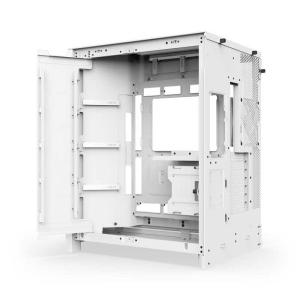 NZXT PCケース [ATX / Micro...の詳細画像3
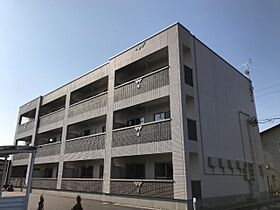 アムール上田  ｜ 長野県上田市築地（賃貸マンション2LDK・3階・51.00㎡） その8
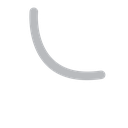 reply Discord sticker | Nexus SMP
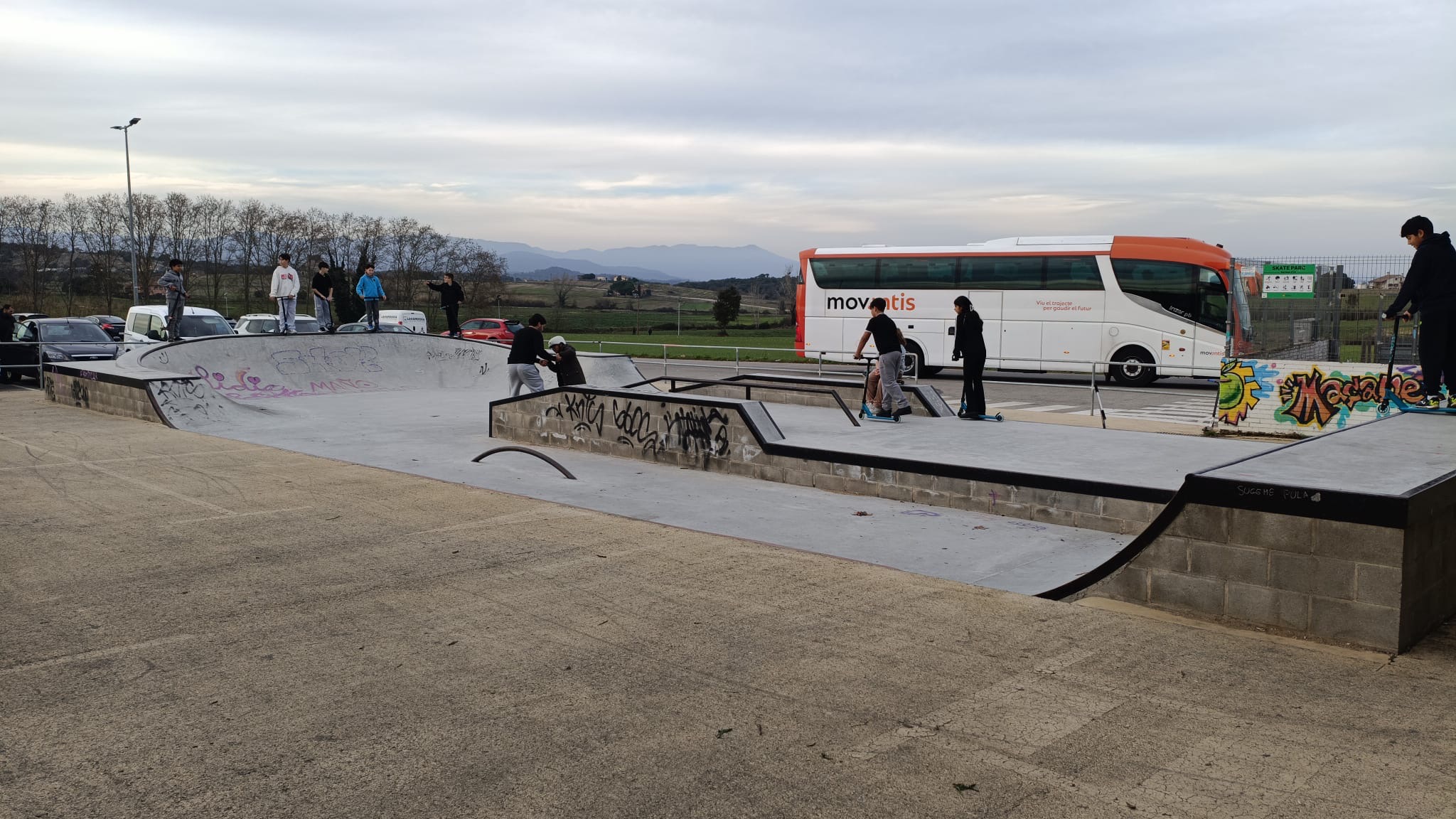 2412d9b0-de84-4948-941a-c6cfac9e68c4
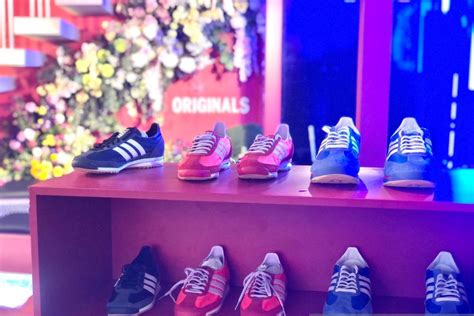 Sepatu terbaik di tahun ini - balustradellc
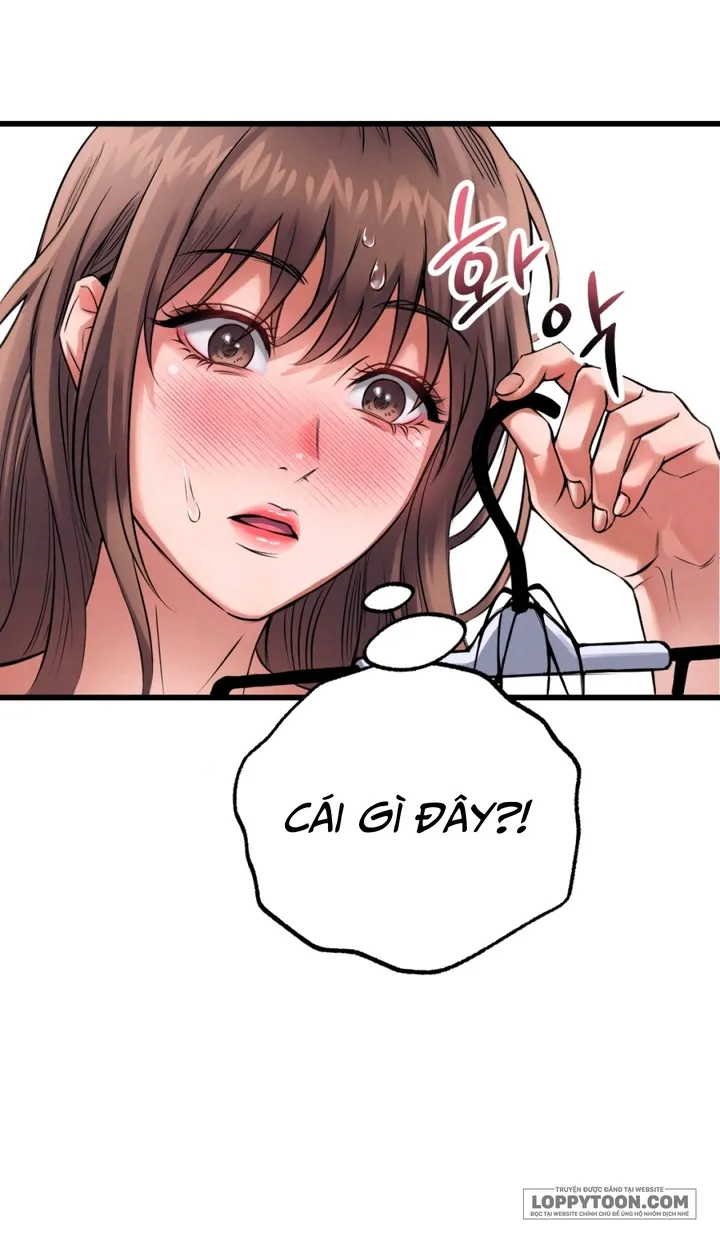 Chuyện Đi Đóng Phim Truyền Hình Chap 1 - 🔞🔞🔞🔞🔞🔞 - trang 46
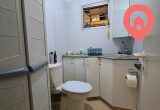 фото 6 из 10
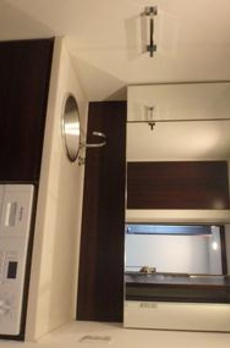 ドゥーエ日本橋 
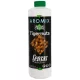 Sensas Aromix Tiger Slim Aroma Liquido 500ml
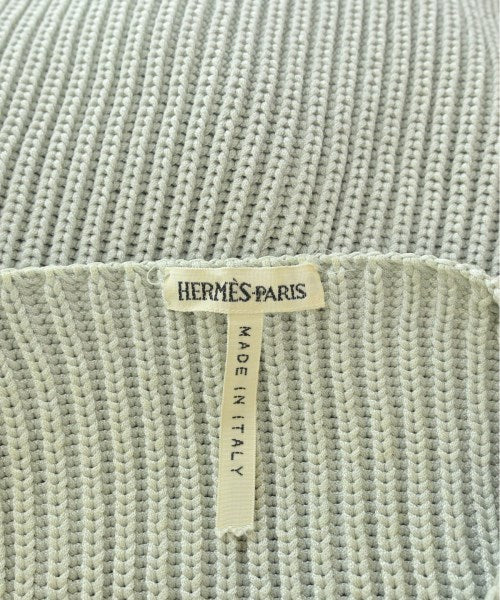 HERMES Sweaters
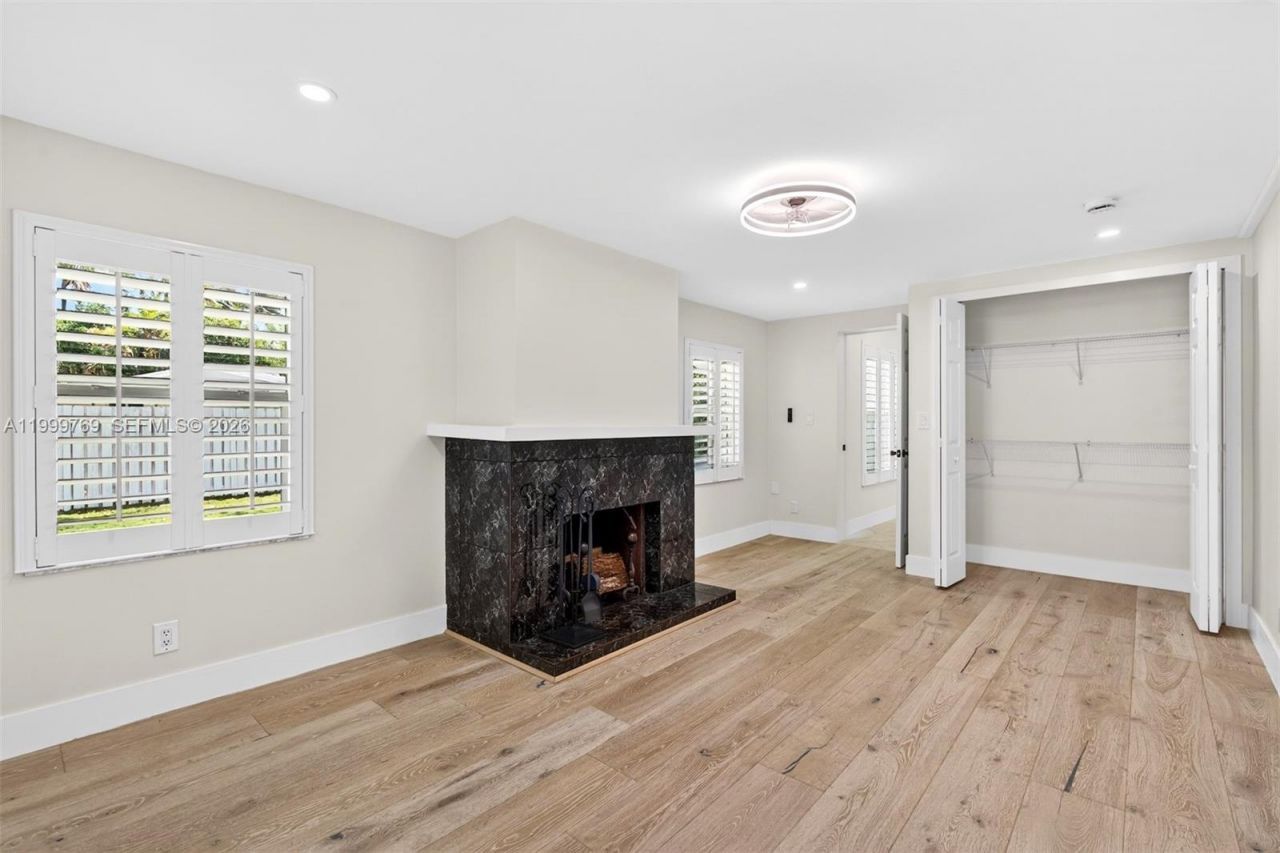 4010 NE 22nd Ave, Unit 4010, Lighthouse Point, FL 33064 Photo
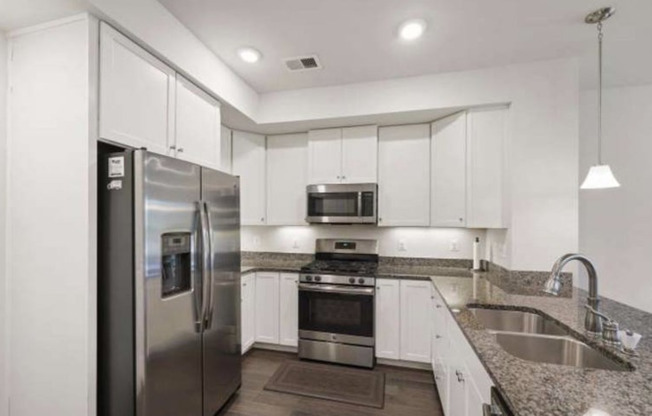 3108 TRIBUNE CT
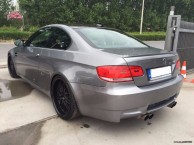 Photo for BMW M3 E92 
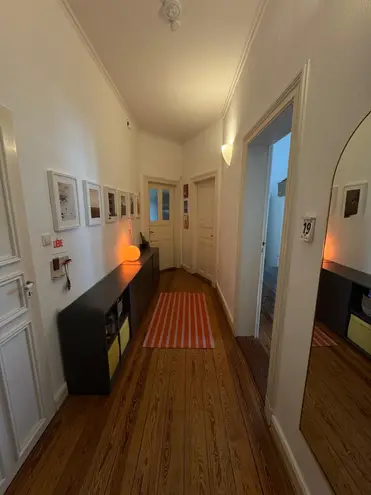3 Zimmer Wohnung mit 67 m² in Kiel – Bild 8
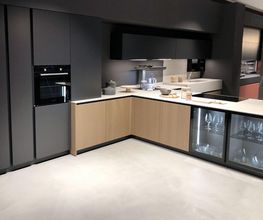 IDÉ CUISINES image 9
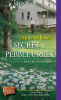 Secret_at_Pebble_Creek
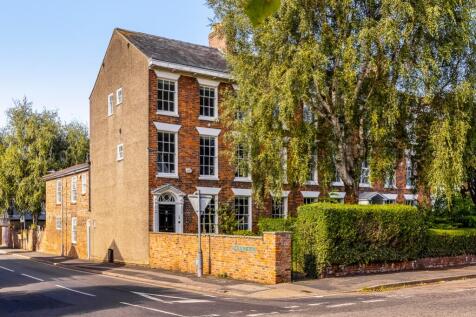 29 London Road (Spalding)-7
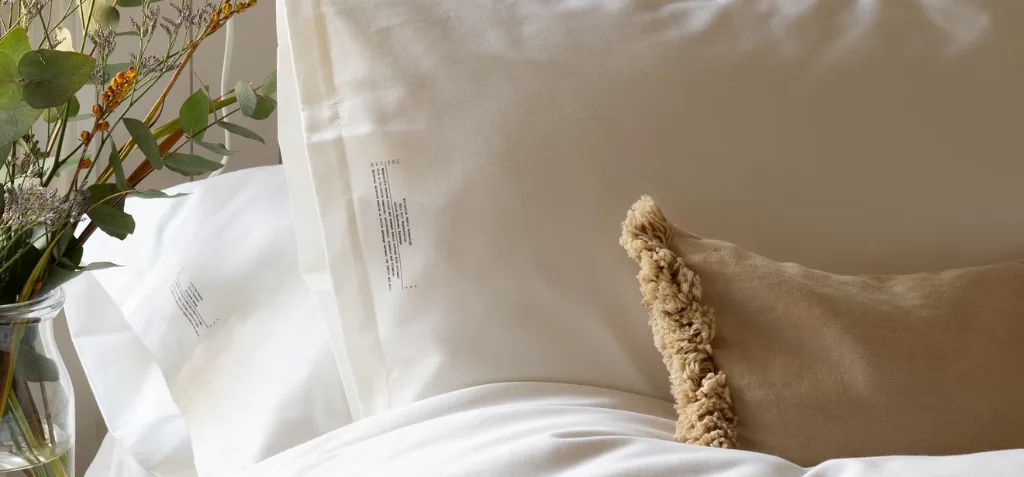 Tekstylia i dodatki bambusowe – miękkość i trwałość w jednym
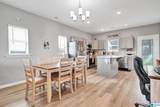 360 Camellia Lane - Photo 8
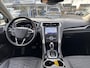 Ford Mondeo Wagon 2.0 IVCT HEV Vignale 187 pk | Panoramadak |  Adaptieve cruise  control |  Trekhaak | Winter Pack | Adaptive cruise control |  Achteruitrijcamera | Bestuurdersstoel Met Geheugen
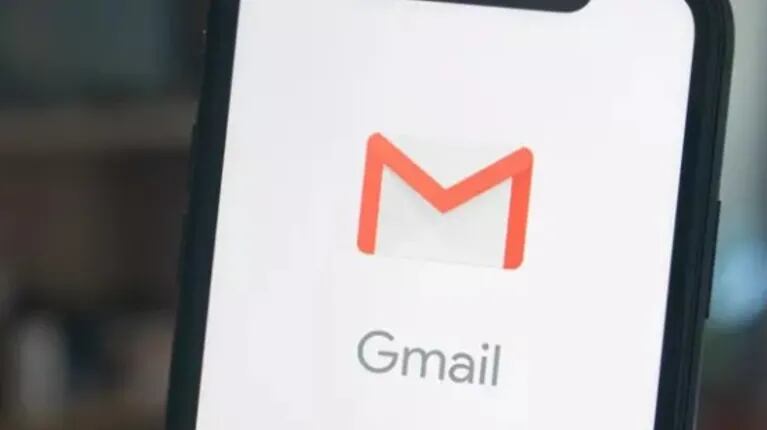 Gmail podrá verificar la identidad del usuario cuando realice acciones sensibles en su cuenta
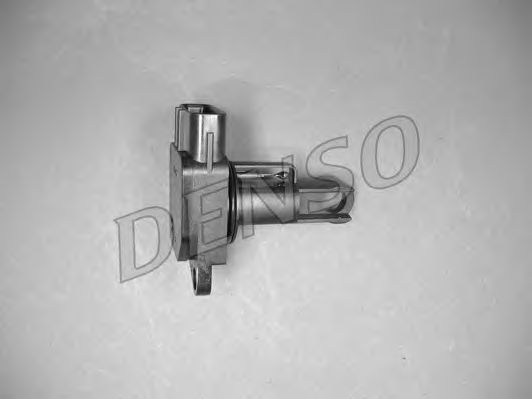 Расходомер (ДМРВ) DENSO DMA-0108 - Фото 1
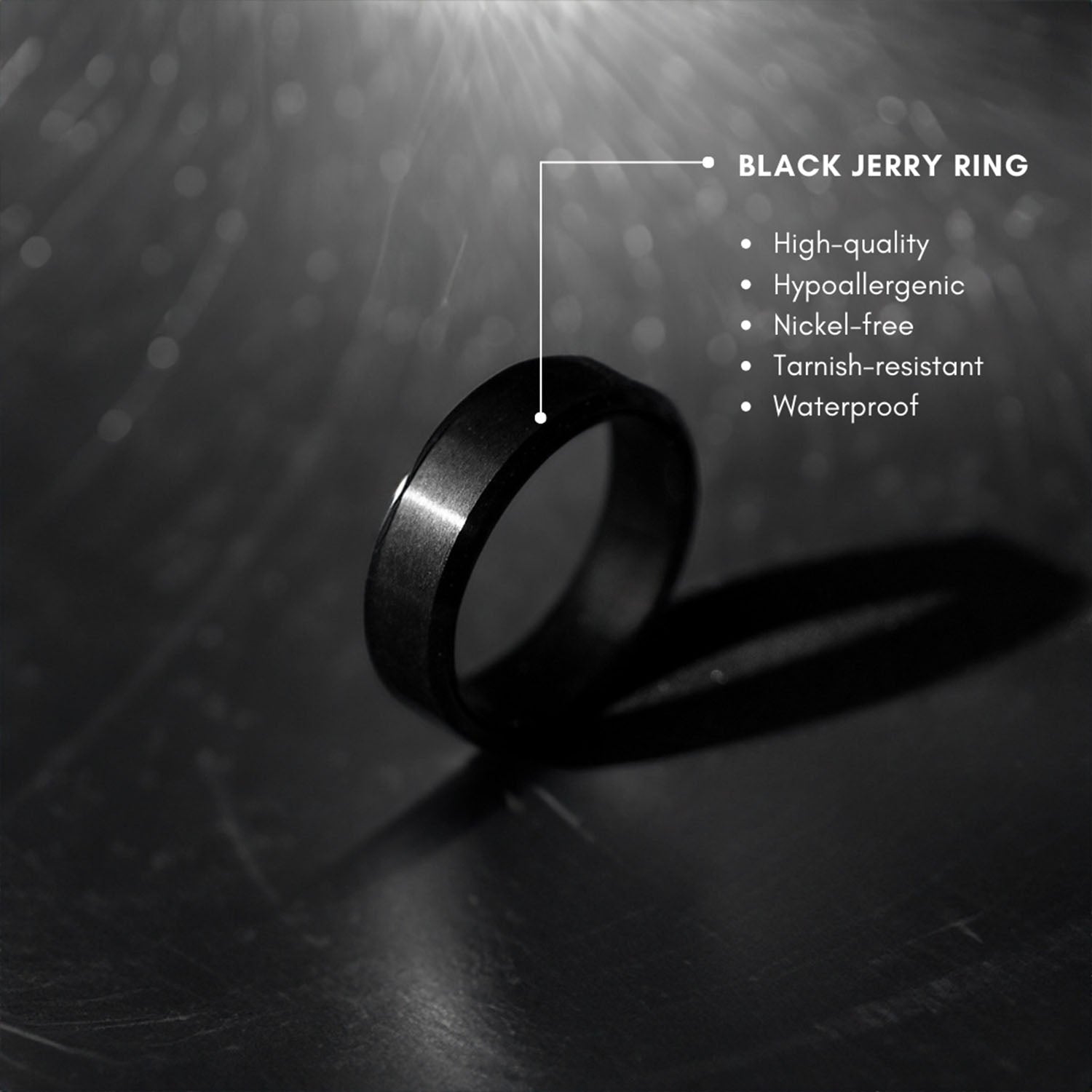 Thinking of You Gift Hampers for Him 1499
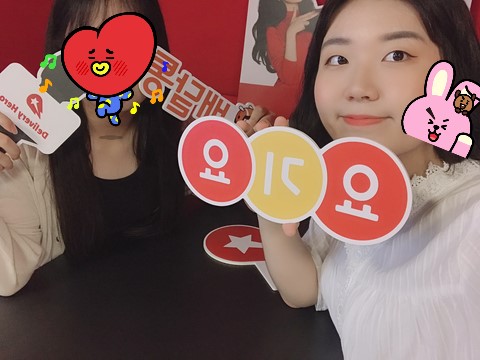 코리아투어컴퍼니 이미지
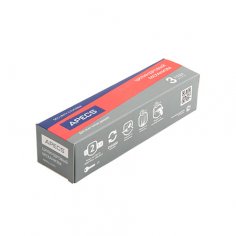 Цилиндровый механизм Apecs SM-105(45C/60)-C-G (00033495)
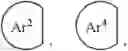 Fig. 87 - ORGANIC MIXTURE, COMPOSITION, ORGANIC ELECTRONIC DEVICE AND APPLICATION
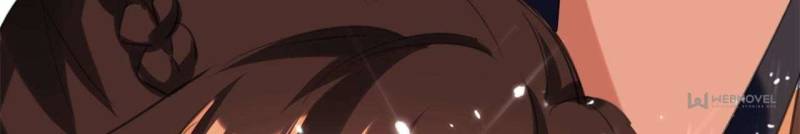 Page 69 of Chapter 42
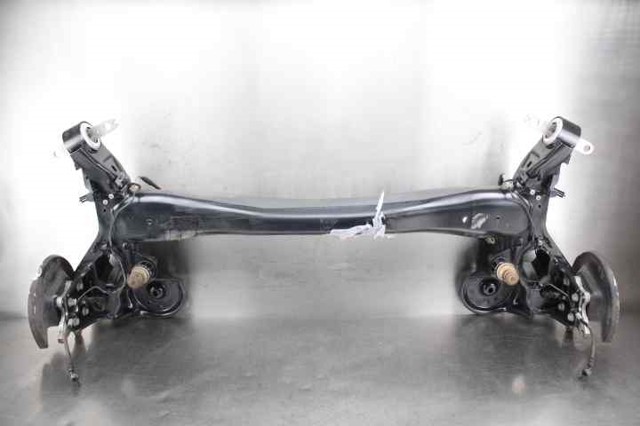 1647872380 Peugeot/Citroen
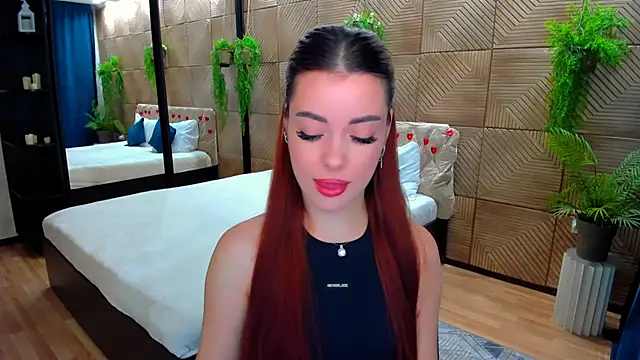 PutOnRepeat online show from April 9, 1:05 am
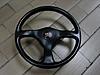 R32 GTR steering wheel and R33 GTR wheels for sale-r32-wheel.jpg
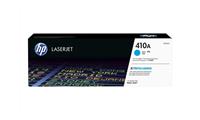 HP Original-Toner CF411A cyan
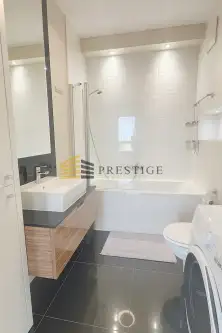 Warszawa ,  Bagno   7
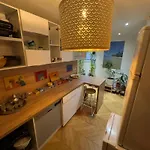 12 Proche Du Centre Avec Parking Apartament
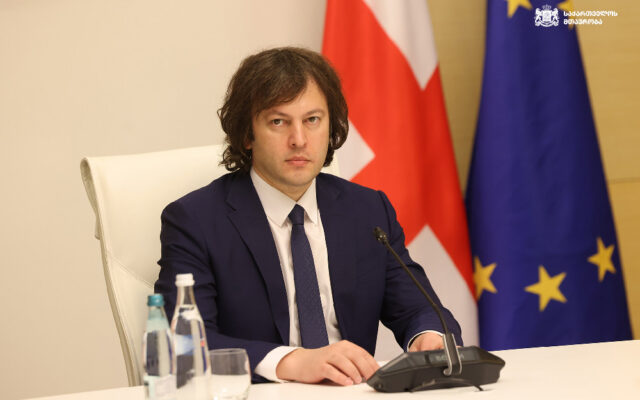 სტატისტიკა აჩვენებს, რომ 2020 წლის შემდეგ, ყოველწლიურად ფიქსირდება მკვლელობების სტატისტიკის შემცირება, რაც შეეხება 2012 წლამდე პერიოდთან შედარებას, სამჯერ არის საშუალოდ შემცირებული ეს სტატისტიკა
= = =
Among the entries above, take the line with "Chuyện Đi Đóng", the line with "IDÉ CUISINES image 9", and all the lines between them, and restate them word for word without pictures.

 Chuyện Đi Đóng Phim Truyền Hình Chap 1 - 🔞🔞🔞🔞🔞🔞 - trang 46
 фото 6 из 10
 ドゥーエ日本橋 
 Sensas Aromix Tiger Slim Aroma Liquido 500ml
 HERMES Sweaters
 4010 NE 22nd Ave, Unit 4010, Lighthouse Point, FL 33064 Photo
 3108 TRIBUNE CT
 Photo for BMW M3 E92 
3 Zimmer Wohnung mit 67 m² in Kiel – Bild 8
 IDÉ CUISINES image 9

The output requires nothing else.